For the third time in less than six months, Zug played host to a major blockchain event. After the successful Crypto Valley Conference in June and the equally well-attended Blockchain Summit in April, the Theatre Casino welcomed Tech Crunch and wide array of well-known names in the blockchain and crypto world.

Those names included Binance founder Changing Zhao, Consensys founder Joe Lubin, Galia Benartzi of Bancor and Crypto Valley’s own Mona El Isa of Melonport.

And then there was Vitalik Buterin – along with a strong contingent of the Ethereum Foundation, one of the main catalysts behind the birth and growth of the Crypto Valley ecosystem to begin with.

Burn in hell

It was, of course, Vitalik who provided the highlight quote of the event by declaring, “I definitely personally hope centralised exchanges go burn in hell as much as possible.” – a comment that figured into a wider discussion about the values and challenges of running a decentralised organisation.

While the quote itself would have been a headline-grabber in and of itself, it echoed even louder coming on the same day that SIX Group, the owner and operator of Switzerland’s stock exchange announced its plans to build the SIX Digital Exchange (SDX) – a DLT-based end-to-end infrastructure for the issuance, trading and storage of digital assets, including tokenised securities.
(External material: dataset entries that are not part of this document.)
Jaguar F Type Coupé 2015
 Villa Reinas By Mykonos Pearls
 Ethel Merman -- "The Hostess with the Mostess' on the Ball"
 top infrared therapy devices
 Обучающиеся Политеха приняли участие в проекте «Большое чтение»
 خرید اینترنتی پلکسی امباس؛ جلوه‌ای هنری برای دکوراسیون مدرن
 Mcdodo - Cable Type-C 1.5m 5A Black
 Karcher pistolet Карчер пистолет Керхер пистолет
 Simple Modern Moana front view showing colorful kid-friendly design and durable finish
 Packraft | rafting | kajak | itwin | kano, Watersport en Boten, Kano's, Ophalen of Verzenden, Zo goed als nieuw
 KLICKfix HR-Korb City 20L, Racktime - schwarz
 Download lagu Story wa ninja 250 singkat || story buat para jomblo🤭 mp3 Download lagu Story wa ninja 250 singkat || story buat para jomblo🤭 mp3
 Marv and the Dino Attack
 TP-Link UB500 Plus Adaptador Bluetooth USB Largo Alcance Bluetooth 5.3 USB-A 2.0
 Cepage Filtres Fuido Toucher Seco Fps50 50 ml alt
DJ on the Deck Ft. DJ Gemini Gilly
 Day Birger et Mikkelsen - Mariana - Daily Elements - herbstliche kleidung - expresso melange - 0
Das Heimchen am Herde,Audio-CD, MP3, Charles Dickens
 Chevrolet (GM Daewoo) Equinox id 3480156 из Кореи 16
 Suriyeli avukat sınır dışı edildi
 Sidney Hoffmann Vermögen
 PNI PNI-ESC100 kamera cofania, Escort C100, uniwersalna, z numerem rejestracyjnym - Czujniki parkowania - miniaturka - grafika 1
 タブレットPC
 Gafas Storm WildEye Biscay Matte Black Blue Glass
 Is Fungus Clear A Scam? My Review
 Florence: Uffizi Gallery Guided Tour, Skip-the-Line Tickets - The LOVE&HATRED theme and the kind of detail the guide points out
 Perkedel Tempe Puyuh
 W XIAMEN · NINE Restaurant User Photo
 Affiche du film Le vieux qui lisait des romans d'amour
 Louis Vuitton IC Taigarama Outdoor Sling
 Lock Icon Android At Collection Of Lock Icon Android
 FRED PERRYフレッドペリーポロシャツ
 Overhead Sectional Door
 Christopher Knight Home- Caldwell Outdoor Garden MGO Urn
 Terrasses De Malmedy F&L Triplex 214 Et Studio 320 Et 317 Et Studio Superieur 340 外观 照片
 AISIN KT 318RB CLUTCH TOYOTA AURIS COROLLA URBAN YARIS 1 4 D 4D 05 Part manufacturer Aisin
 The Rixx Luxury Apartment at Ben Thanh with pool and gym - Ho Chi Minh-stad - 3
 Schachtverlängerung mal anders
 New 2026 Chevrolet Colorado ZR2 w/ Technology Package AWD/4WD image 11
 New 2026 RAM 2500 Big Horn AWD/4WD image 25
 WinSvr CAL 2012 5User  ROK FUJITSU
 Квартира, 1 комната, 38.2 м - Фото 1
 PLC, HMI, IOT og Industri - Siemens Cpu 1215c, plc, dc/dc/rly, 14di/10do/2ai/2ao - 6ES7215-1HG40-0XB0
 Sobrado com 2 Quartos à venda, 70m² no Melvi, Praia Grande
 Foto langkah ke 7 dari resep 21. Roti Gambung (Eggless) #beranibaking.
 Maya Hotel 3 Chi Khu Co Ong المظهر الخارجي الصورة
Numerous commentators, many on Twitter, did not miss the irony of the two events happening simultaneously – nor did they miss the chance to deride the move by SIX as purely marketing.

Not so serious

However, the second day of the Tech Crunch gathering, which featured an Ethereum meetup hosted by the Ethereum Foundation, provided additional perspective on the centralised vs decentralised exchanges discussion.

In a panel discussion that included Coinbase CTO Balaji Srinivasan and Vitalik, the question was raised “How can centralised and decentralised exchanges work together?” In response, Vitalik admitted that the bridge from fiat to crypto remains a strong area in which centralised exchanges such as Coinbase have a role to play.

A complex future

Although the subject of centralised digital asset exchanges for tokenised securities did not come up, the point can be made that a future which includes tokenised securities and all manner of financial instruments bound to the blockchain will not happen overnight.

It is reasonable, therefore, to see projects such as the SDX as inherently important to the transition to a tokenised future, given that the weight of market incumbents will be necessary to maintain an even keel and encourage adoption.

Will decentralised exchanges ultimately snuff out their centralised counterparts? It is too early to say – and the future may very well end up being a patchwork mixture of both.

Popular sentiment will be strong to support Vitalik’s wish – and to push out those who exploit centralisation for obscene gains.

And it may just be enough to take us all to a decentralised heaven.